→ Task prompt
Among the lines below, restate word for word only those from the line with "1447 13th Avenue" through the line with "Used Mercedes-Benz E-Class", with both end lines kept.

[Start of Attachment]

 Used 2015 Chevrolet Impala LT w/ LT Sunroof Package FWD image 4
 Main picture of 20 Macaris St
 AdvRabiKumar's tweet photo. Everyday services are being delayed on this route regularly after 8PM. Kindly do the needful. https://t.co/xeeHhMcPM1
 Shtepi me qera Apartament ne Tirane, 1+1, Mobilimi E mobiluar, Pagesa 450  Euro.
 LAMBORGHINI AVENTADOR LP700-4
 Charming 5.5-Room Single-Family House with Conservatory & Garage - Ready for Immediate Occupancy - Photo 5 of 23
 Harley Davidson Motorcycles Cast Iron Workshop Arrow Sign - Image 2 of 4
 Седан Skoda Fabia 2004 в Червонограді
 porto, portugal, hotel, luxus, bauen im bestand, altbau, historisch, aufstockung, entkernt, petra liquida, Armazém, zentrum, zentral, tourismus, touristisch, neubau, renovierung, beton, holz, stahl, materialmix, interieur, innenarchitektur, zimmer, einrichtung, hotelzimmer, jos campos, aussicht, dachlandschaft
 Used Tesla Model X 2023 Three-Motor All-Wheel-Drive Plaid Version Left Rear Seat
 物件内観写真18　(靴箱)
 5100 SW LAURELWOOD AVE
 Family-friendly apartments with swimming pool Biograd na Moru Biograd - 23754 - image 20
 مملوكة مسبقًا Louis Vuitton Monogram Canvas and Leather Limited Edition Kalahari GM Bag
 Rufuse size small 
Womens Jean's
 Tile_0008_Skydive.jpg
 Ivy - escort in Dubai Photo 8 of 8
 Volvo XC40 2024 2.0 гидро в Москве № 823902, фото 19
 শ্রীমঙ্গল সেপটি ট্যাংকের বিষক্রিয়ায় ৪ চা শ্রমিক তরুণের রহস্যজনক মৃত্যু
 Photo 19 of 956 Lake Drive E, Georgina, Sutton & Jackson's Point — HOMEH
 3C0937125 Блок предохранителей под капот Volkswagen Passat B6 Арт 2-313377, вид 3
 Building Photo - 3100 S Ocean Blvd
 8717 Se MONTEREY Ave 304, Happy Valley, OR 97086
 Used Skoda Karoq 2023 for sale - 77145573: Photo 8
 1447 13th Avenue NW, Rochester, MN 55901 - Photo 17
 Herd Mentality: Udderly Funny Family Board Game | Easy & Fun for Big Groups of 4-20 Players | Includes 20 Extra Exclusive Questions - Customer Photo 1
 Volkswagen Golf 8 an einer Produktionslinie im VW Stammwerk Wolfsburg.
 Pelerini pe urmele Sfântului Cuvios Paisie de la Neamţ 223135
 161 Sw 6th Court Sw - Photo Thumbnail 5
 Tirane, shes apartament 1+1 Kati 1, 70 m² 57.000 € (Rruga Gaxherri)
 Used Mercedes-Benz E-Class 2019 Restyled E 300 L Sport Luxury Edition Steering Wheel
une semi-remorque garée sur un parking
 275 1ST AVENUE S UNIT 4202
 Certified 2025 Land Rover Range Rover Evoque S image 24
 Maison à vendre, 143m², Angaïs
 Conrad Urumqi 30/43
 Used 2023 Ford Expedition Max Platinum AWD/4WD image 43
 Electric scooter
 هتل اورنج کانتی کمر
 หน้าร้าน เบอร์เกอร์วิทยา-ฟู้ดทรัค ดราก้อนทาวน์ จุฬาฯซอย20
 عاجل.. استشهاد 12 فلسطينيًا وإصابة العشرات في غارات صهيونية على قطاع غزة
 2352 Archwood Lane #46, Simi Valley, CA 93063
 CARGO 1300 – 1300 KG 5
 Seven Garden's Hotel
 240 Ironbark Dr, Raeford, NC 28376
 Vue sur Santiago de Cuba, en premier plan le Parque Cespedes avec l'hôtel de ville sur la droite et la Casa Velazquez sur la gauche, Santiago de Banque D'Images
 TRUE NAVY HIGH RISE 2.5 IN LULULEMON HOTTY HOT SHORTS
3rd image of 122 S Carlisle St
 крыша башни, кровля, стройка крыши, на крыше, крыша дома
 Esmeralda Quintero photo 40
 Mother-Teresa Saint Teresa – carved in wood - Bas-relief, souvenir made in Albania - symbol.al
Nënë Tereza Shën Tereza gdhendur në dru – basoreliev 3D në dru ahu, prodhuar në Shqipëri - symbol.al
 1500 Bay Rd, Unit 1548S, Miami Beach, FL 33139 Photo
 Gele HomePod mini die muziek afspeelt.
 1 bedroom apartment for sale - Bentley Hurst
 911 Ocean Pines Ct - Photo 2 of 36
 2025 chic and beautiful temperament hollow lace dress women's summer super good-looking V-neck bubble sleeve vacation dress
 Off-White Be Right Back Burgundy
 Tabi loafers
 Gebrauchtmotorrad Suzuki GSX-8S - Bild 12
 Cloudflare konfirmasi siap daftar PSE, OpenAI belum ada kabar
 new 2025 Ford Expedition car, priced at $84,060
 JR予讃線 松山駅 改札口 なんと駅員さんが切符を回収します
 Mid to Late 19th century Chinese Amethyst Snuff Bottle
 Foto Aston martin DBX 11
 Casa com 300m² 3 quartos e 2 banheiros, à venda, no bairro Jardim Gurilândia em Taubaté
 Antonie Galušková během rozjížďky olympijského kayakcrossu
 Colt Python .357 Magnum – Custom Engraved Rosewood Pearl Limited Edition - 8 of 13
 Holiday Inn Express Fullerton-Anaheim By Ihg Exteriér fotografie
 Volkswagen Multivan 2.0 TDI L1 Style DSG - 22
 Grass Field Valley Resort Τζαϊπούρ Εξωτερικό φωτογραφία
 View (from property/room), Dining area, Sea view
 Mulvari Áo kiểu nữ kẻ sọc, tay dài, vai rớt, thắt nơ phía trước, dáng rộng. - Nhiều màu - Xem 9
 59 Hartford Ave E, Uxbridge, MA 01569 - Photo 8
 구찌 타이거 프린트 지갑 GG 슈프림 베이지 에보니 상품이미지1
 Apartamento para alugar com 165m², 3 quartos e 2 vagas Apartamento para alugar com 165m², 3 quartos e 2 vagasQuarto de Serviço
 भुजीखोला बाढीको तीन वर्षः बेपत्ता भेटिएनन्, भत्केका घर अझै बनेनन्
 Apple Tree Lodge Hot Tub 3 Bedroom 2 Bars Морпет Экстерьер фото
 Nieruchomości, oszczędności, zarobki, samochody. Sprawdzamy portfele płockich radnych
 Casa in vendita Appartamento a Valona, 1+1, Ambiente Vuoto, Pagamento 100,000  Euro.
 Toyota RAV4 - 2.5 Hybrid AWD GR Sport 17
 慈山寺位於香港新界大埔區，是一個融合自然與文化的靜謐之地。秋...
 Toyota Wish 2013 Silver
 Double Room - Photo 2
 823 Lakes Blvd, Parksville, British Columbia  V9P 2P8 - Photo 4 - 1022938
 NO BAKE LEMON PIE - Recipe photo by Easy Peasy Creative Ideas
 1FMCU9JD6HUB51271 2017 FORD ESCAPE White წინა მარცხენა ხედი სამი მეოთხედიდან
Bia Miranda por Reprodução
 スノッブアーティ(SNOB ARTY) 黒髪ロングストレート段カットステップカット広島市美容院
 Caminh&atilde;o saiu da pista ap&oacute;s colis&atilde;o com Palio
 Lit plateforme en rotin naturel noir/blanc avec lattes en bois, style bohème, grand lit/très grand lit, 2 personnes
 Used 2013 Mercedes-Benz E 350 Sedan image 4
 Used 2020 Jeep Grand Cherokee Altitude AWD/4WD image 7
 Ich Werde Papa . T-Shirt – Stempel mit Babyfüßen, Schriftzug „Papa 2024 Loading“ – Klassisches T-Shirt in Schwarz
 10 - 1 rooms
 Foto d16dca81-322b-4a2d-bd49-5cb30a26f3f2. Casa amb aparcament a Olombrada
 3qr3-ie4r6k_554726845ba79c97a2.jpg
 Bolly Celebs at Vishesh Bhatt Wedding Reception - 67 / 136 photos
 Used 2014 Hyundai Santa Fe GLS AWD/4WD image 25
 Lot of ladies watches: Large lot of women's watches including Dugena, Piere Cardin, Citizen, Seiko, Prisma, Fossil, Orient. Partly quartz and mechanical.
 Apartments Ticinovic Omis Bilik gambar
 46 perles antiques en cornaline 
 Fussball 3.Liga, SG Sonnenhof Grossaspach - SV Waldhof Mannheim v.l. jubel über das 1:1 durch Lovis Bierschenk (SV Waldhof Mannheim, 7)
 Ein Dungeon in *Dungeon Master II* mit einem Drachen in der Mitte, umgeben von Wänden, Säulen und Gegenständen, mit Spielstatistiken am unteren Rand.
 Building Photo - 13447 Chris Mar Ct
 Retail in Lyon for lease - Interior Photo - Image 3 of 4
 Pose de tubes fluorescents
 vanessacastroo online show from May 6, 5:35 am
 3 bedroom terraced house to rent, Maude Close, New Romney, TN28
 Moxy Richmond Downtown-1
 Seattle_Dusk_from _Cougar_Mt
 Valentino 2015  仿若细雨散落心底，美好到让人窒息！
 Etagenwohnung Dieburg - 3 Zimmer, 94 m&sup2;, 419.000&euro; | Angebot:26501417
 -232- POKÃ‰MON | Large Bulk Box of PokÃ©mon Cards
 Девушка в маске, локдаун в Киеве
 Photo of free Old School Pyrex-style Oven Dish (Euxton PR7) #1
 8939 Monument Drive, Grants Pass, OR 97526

[End of Attachment]

→ Worked solution
 1447 13th Avenue NW, Rochester, MN 55901 - Photo 17
 Herd Mentality: Udderly Funny Family Board Game | Easy & Fun for Big Groups of 4-20 Players | Includes 20 Extra Exclusive Questions - Customer Photo 1
 Volkswagen Golf 8 an einer Produktionslinie im VW Stammwerk Wolfsburg.
 Pelerini pe urmele Sfântului Cuvios Paisie de la Neamţ 223135
 161 Sw 6th Court Sw - Photo Thumbnail 5
 Tirane, shes apartament 1+1 Kati 1, 70 m² 57.000 € (Rruga Gaxherri)
 Used Mercedes-Benz E-Class 2019 Restyled E 300 L Sport Luxury Edition Steering Wheel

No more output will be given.